1) Il procedimento disciplinare si conclude con l'irrogazione di una qualsiasi sanzione, mentre quello penale con un sentenza irrevocabile di assoluzione piena (il fatto addebitato al dipendente non sussiste o non costituisce illecito penale o il dipendente non lo ha commesso). In questo caso la riapertura avviene su richiesta dell'interessato. L'istanza va presentata, a pena di decadenza, entro 6 mesi da quando diviene irrevocabile la sentenza assolutoria piena.
2) Il procedimento disciplinare termina con l'irrogazione di una sanzione meno grave del licenziamento, mentre quello penale con una sentenza irrevocabile di condanna. Da questa sentenza emerge che al dipendente è addebitabile in sede disciplinare un fatto tale da comportare la sanzione del licenziamento. In questo caso la riapertura è disposta d'ufficio.

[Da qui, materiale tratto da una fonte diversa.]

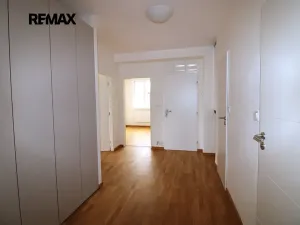 Prodej bytu 4+kk, Jeneč, Lidická, 102 m2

3) Il procedimento disciplinare si conclude con l'archiviazione, mentre quello penale con una sentenza irrevocabile di condanna. Anche in questo caso la riapertura è disposta d'ufficio.
E' opportuno precisare che le ultime due ipotesi ricorrono anche in caso di sentenza di patteggiamento, perché l'art. 445-bis Cpp equipara per principio tale sentenza a una pronuncia irrevocabile di condanna. L'art. 55-ter, commi 2, 3 e 4, prevede che il procedimento disciplinare debba essere ripreso o riaperto entro 60 giorni dalla comunicazione della sentenza all'Amministrazione o dalla presentazione dell'istanza di riapertura da parte del dipendente, e concluso entro 180 giorni.

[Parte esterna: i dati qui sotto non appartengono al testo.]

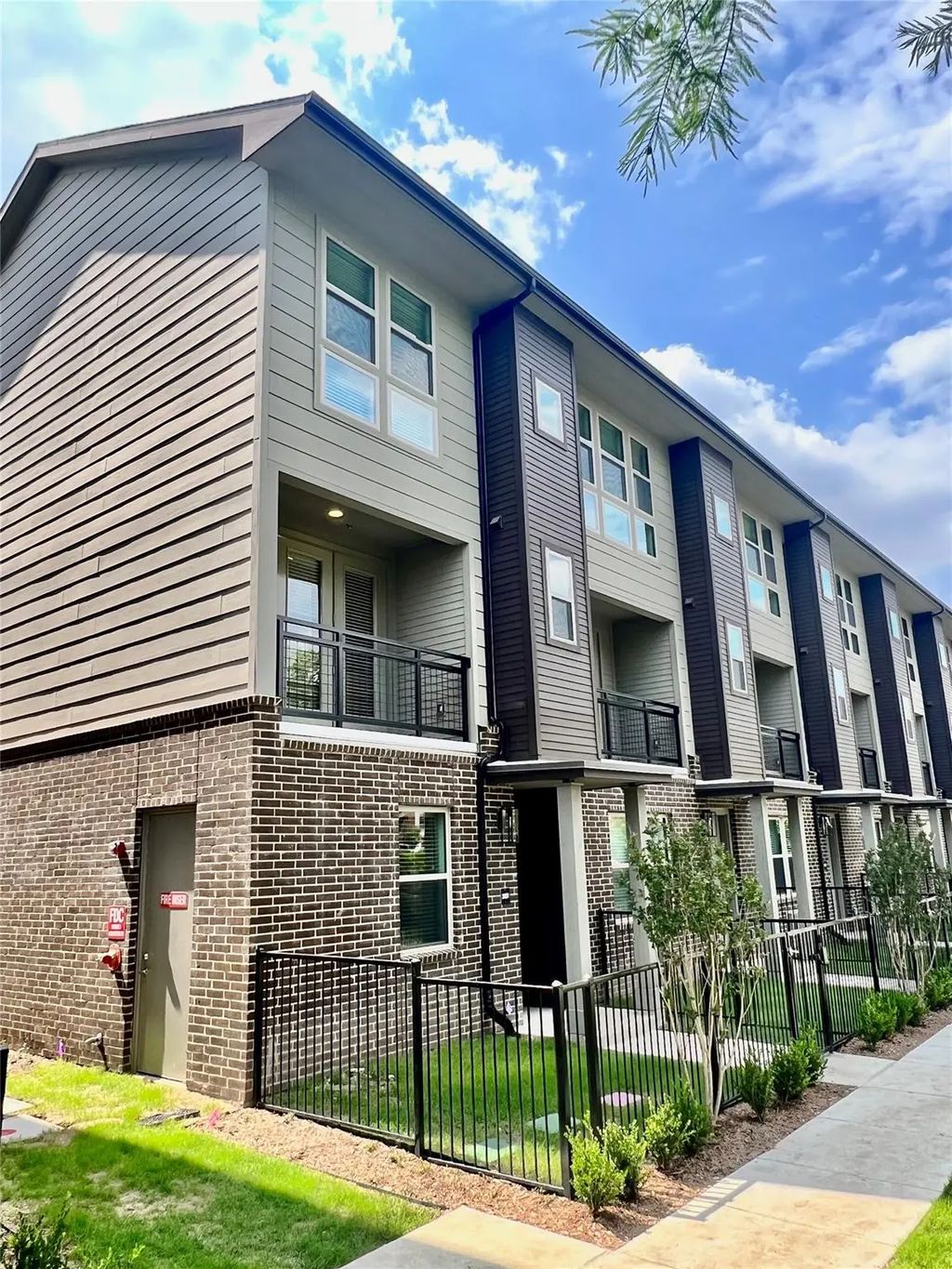 4020 Mcewen Road 4107, Farmers Branch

Per quanto riguarda i procedimenti disciplinari attivati e sospesi prima dell'entrata in vigore del D.lgs. n. 150 del 2009, ossia prima del 15 novembre 2009, questi continueranno a rimanere sospesi considerando la non retroattività delle norme sostanziali più sfavorevoli al dipendente e il principio del tempus regit actum. I termini per la riattivazione sono gli stessi previsti nella nuova previsione legislativa appena illustrati. Tutti i previgenti termini che disciplinavano l'avvio e la conclusione del procedimento disciplinare nei casi di condanna penale irrevocabile sono stati abrogati dall'art.72, comma2,delD.Lgs. n. 150/2009.
Alla luce del quadro normativo sopra ricordato appare evidente che la sospensione del procedimento disciplinare a carico di Marco Milanese non era l'unica decisione che poteva essere adottata dal Consiglio di disciplina della Scuola. A ciò si aggiunga l'ormai sopravvenuta conoscibilità degli atti da parte dell'amministrazione per due dei procedimenti penali che coinvolgono il docente, per uno dei quali si è giunti alla condanna in primo grado e per un altro alla richiesta di rinvio a giudizio.